(Supplied data)

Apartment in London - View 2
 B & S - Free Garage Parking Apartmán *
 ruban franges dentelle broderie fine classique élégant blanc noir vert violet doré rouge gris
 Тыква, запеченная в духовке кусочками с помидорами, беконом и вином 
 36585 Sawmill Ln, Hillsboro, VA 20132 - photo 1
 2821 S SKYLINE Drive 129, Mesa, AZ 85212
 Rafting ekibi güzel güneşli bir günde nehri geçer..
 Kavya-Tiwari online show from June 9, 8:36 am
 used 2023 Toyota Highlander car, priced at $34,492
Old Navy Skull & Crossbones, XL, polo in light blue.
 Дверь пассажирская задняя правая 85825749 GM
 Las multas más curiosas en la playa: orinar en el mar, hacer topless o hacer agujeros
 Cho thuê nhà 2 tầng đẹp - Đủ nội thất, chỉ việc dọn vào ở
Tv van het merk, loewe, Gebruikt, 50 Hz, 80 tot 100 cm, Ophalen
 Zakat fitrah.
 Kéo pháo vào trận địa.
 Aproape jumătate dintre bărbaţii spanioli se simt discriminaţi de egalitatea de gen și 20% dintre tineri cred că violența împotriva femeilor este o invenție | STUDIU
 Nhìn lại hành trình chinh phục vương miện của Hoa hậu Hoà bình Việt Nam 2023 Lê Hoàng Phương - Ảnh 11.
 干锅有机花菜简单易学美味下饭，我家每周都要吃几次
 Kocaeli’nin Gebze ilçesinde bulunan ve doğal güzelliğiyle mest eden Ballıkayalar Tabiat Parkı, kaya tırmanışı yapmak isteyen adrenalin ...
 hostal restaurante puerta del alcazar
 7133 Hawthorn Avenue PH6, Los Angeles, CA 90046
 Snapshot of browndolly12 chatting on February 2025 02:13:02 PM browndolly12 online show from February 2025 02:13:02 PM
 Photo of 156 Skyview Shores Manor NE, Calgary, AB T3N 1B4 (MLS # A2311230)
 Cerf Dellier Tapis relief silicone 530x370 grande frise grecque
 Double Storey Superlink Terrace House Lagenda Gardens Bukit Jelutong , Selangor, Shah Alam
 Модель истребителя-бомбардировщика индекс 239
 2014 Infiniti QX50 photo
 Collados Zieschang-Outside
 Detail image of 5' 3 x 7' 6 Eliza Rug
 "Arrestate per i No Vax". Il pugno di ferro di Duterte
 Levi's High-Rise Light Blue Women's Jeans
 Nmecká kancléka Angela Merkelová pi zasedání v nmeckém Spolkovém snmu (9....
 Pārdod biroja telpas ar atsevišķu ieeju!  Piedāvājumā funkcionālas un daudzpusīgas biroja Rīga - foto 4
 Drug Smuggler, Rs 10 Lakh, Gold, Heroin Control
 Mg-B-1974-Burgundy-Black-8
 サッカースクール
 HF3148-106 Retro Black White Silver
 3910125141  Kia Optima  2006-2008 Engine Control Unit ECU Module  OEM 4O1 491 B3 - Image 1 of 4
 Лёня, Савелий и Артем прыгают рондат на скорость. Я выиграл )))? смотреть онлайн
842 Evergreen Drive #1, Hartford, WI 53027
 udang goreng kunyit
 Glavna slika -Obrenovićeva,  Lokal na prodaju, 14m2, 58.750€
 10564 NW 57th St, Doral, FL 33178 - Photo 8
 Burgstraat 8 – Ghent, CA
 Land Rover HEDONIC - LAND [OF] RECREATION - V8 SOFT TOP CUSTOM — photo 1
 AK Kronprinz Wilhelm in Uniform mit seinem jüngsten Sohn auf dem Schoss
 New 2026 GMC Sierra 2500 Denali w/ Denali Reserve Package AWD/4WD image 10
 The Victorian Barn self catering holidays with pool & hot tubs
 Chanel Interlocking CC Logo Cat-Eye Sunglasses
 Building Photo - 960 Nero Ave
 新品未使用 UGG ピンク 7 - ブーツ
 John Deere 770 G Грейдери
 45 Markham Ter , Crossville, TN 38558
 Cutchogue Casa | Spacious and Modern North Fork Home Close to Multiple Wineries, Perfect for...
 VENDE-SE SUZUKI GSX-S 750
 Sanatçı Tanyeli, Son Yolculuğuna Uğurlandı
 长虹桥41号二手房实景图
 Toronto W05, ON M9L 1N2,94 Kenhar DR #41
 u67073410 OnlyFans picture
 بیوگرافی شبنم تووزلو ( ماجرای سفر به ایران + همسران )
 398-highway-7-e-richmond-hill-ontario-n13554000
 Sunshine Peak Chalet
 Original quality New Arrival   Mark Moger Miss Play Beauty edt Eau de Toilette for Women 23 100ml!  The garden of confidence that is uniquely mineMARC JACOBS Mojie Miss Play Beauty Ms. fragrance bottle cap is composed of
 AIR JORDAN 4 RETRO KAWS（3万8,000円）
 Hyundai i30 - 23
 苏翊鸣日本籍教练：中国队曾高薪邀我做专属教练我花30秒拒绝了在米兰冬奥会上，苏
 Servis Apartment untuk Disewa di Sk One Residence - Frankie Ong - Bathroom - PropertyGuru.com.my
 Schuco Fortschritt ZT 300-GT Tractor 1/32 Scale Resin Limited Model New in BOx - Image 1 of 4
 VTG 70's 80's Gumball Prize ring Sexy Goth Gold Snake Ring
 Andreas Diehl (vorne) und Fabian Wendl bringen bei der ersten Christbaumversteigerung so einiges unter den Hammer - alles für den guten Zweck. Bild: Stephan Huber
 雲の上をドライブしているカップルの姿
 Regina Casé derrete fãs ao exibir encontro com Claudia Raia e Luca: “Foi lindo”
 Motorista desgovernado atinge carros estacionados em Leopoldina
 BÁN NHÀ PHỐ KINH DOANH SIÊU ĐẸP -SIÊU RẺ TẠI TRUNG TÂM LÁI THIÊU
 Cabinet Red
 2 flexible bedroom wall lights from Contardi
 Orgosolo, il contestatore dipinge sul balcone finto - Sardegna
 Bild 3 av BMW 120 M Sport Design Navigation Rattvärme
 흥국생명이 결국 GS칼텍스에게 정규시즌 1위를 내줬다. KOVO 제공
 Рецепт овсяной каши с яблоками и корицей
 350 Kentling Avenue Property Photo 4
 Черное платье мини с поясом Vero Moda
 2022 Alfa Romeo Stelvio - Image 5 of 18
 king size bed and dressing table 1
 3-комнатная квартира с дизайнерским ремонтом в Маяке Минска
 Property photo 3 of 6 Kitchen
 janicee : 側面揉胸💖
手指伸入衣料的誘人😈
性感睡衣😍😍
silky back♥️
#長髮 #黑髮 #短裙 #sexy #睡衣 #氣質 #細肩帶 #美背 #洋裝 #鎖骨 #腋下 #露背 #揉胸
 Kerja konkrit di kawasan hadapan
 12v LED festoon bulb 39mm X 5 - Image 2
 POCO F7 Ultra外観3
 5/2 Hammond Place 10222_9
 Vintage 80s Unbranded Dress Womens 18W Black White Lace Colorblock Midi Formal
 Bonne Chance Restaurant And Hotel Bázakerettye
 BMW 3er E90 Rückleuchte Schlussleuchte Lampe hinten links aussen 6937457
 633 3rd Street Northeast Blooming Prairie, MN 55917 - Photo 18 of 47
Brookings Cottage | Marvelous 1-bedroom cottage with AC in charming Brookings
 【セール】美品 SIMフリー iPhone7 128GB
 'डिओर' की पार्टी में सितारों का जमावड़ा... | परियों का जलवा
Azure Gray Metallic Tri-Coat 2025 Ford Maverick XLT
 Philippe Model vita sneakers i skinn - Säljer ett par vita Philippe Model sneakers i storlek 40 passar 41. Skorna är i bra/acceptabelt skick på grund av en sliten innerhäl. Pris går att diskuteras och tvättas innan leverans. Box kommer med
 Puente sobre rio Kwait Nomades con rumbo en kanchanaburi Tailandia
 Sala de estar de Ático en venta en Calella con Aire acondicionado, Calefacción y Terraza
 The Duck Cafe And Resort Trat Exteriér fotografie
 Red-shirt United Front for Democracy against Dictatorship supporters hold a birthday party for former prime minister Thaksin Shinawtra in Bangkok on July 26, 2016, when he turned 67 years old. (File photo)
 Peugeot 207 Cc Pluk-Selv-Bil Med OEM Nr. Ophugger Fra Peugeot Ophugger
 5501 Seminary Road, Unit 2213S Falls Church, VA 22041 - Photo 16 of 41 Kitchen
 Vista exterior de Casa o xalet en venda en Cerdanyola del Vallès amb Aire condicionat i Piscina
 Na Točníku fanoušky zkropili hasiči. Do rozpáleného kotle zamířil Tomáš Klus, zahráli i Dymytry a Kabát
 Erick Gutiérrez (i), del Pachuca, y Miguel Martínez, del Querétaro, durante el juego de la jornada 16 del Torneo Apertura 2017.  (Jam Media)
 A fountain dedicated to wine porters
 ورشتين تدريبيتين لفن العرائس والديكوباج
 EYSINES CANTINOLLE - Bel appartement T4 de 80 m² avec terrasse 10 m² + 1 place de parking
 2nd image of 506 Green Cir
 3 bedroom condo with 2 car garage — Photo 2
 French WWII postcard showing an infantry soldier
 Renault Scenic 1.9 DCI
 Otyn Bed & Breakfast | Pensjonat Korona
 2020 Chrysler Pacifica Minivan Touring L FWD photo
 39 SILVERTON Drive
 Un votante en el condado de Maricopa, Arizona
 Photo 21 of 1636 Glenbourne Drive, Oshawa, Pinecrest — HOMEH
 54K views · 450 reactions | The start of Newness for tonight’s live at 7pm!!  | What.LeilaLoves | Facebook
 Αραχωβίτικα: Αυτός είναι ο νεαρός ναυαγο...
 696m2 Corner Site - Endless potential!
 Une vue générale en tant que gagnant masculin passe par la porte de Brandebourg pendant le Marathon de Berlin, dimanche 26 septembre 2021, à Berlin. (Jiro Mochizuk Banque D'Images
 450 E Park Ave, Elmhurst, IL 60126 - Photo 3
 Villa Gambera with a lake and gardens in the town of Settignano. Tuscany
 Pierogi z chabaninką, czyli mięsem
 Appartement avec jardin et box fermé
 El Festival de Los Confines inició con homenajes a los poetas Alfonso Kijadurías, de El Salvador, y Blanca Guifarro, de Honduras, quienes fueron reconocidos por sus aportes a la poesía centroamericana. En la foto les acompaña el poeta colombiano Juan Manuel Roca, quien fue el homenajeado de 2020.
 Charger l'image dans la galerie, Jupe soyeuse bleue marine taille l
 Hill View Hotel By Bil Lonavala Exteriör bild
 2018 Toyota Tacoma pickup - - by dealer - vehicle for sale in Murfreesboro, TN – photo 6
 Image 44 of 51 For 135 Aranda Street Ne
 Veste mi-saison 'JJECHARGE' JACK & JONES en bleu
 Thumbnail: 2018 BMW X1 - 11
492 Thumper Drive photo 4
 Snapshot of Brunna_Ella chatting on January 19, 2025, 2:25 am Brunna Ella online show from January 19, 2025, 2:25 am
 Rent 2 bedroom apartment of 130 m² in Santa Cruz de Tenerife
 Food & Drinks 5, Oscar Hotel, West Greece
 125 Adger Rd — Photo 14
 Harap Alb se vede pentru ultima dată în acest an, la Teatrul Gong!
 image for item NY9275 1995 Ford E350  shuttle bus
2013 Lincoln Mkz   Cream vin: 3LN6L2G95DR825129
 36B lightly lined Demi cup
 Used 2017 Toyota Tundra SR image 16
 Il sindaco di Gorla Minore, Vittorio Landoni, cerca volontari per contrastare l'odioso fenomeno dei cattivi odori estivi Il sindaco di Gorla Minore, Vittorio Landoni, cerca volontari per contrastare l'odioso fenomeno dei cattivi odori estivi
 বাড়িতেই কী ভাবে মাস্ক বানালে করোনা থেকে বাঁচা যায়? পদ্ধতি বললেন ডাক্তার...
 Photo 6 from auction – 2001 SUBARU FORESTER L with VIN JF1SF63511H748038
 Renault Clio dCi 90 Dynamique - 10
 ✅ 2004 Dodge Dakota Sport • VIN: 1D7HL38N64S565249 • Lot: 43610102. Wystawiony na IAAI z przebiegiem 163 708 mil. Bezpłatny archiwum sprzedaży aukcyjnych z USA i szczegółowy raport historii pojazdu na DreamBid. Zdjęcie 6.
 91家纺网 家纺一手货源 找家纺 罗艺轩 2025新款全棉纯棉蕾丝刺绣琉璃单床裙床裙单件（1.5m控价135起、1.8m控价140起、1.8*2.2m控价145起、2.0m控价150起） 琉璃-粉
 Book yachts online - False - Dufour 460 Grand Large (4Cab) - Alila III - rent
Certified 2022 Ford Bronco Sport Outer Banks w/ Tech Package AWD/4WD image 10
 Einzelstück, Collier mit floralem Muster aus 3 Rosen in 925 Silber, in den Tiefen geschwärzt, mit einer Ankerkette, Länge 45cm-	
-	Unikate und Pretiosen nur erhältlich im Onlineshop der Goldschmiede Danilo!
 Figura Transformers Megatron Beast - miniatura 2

(End Supplied data)

### Exercise goal
In the material above, find each line that contains the word "Control", and select it.

### Your response
 Drug Smuggler, Rs 10 Lakh, Gold, Heroin Control
 3910125141  Kia Optima  2006-2008 Engine Control Unit ECU Module  OEM 4O1 491 B3 - Image 1 of 4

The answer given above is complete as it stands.